Starring: Sherilyn Fenn, Richard Tyson, Louise Fletcher, Burl Ives
Director: Zalman King
After co-scripting the scandalous 9½ Weeks (1986), Zalman King made a career out of directing steamy erotic dramas which became increasingly over the top as time went on, culminating in the ludicrous Wild Orchid (1989), the film that killed off Mickey Rourke’s career. But it all got off to a promising start with Two Moon Junction (1988). Sherilyn Fenn – just before she became the talk of Tinseltown for her performances as Audrey in Twin Peaks – plays April, a Southern heiress who returns home from college, due to wed the scion of an equally well-to-do family and lead a perfect life. However, as the wedding day nears she gets cold feet and instead finds herself inexplicably drawn to a wild, glibly womanizing, muscle-bound carny hand named Perry (Richard Tyson).

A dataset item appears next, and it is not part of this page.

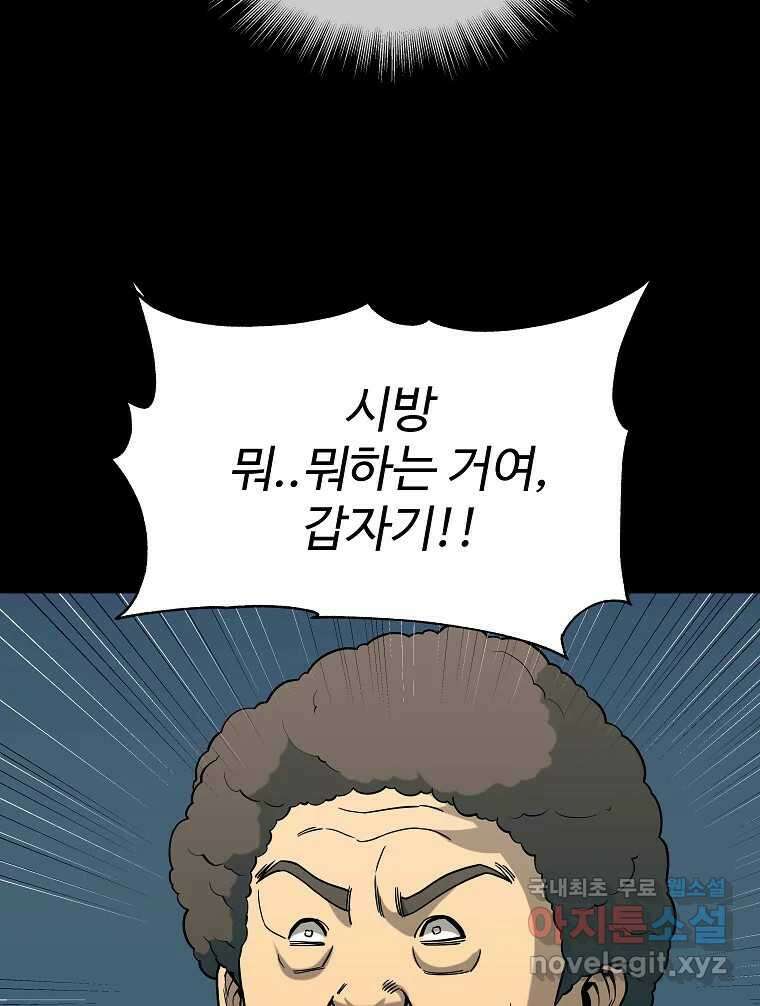 오적도 38화 16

Allegedly, Sherilyn Fenn was rather embarrassed to have the movie on her CV, but she needn’t have been. Looking at it now on Blu-ray, it’s a very beautiful film. King directs with a real feel for this sort of material, and the viewer’s eye is caressed with a stream of soft-focus fashion-plate imagery. Seen in high-def, moments such as the close-up of Fenn’s face in the shower, with beads of water quivering on her cheek, look good enough to rip out and hang up on your wall. There’s a heady Douglas Sirk-meets-Fellini vibe to the culture clash of leisured upper crust and manic carnival folk (tennis flannels, magnolia and Spanish moss on the one hand, fever dream-ish funfair scenes lit with strings of coloured light-bulbs on the other), and this is underscored by costumes and styling which reference the ’50s. Fenn slots into this retro aesthetic like it was tailor-made for her, delivering an Old Hollywood-style star turn (albeit with full frontal nudity) as the introverted rich girl who takes a walk on the wrong side of the tracks and embarks on a sexual and social awakening, only to end up torn between duty to her high-achieving family and the cravings of the flesh.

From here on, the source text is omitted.